The group of 120 drivers claim the COM has captured control of the LTDA, the co-operative society which represents around 10,000 black cab drivers in the capital. Represented by Anthony Collins Solicitors, they have called a special meeting with the Financial Conduct Authority (FCA) to remove council members.

But general secretary Steve McNamara says the group are resisting “change to a more democratic system”.

Speaking to trade website TaxiPoint he said: “We agreed, at the other side’s request, not to release any details of this pending its resolution.

“Quite frankly we are stunned that they have now done these press releases and have made a formal complaint to both the FCA and the Solicitors Regulation Authority.

“We have sought to get away from the ‘show of hands’ at a meeting that has resulted in intimidation and threats against members. We favour a one member one vote, by postal ballot, where all members have a democratic vote, not just a handful who hold a meeting in a pub.

“A small group of members are resisting this change to a more democratic system.”

The group of members have in turn responded to Mr McNamara’s comments.

In an online statement, they said: “Over 120 drivers signed a formal application to the FCA. In addition to this, over 300 drivers have signed a petition for the removal of the council. Neither 120 drivers nor 300 drivers is a small number.”

They say the application for a special meeting will allow all members to “hear the truth about what has been going on in the LTDA under the current council, and have a chance to ask their own questions and express their own views to them.
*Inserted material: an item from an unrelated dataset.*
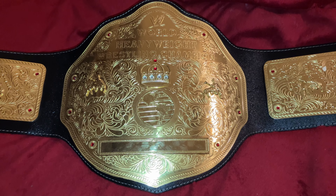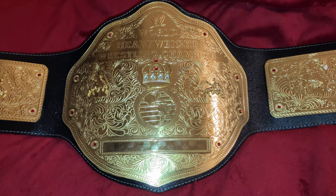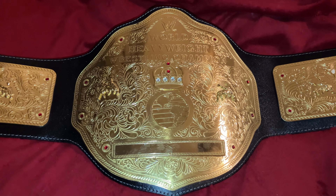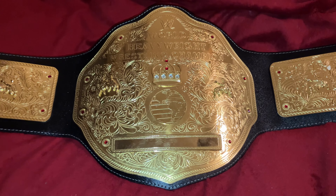This is the WWE Big Gold Championship belt. I got this about a year ago. It's a gift from my late mother. Really beautiful belt. Just so cool. Always wanted one of these.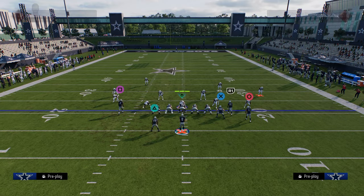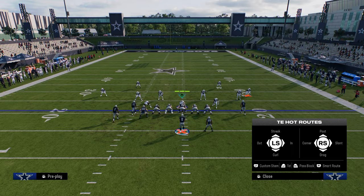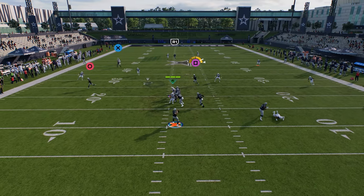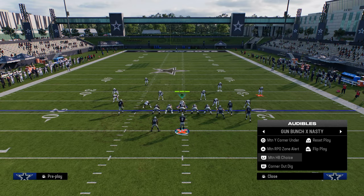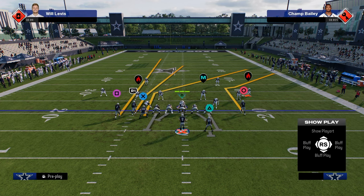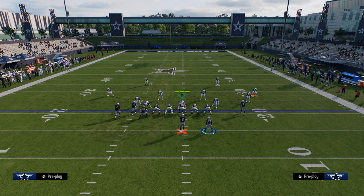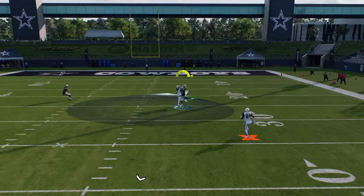Another play you can run is motion wide corner under — just flip the play, drag the outside guy, and streak the slot. You can send the tight end down one if you want. This is another really good way to take advantage of those yellow zones in this game being really bad, and you can just throw that little return route against zone — going to be open the majority of the time. Another good play is the motion halfback choice play. It has this real glitchy streak route to the left side. You can stem this corner down one, or use a simple backside drag on the slot receiver.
We believe the council are frightened of this.”

They argue that the COM is proposing the rule change because “they do not want to have to face drivers in person at a meeting, and to answer difficult questions, which they have failed to answer so far.

“They are trying to change the democratic process so that they can secure whatever changes to the rules and other decisions they want without ever having to face the members in a meeting.”

Furthermore, the group argues that the council is trying to change the rules using “an illegal process”. They say the current rules require members to vote at a meeting on any rules change.

But, they add, “the council have destroyed the ability for the members to have any voice in the LTDA by suspending the branches representing 99.3% of the members; and changing the rules so that the members can no longer call a special meeting themselves unless 51% of the members sign a requisition for such a meeting, which is virtually impossible.”

They added: “The general secretary has consistently characterised our group as small, disruptive, intimidating and threatening. He fails to acknowledge the true number, the fact that we are following due process, and that we are doing so assisted by a law firm known for its expertise in co-operative law.

“The FCA has agreed that we have made out a case for a special meeting, and that meetings of the branches should be called as part of the process.

“Members need to understand why the LTDA has lost £4m in the last five years, why Taxi House was sold without member consultation and why elections are being held without proper oversight – such that a legitimate candidate has been disqualified from standing.”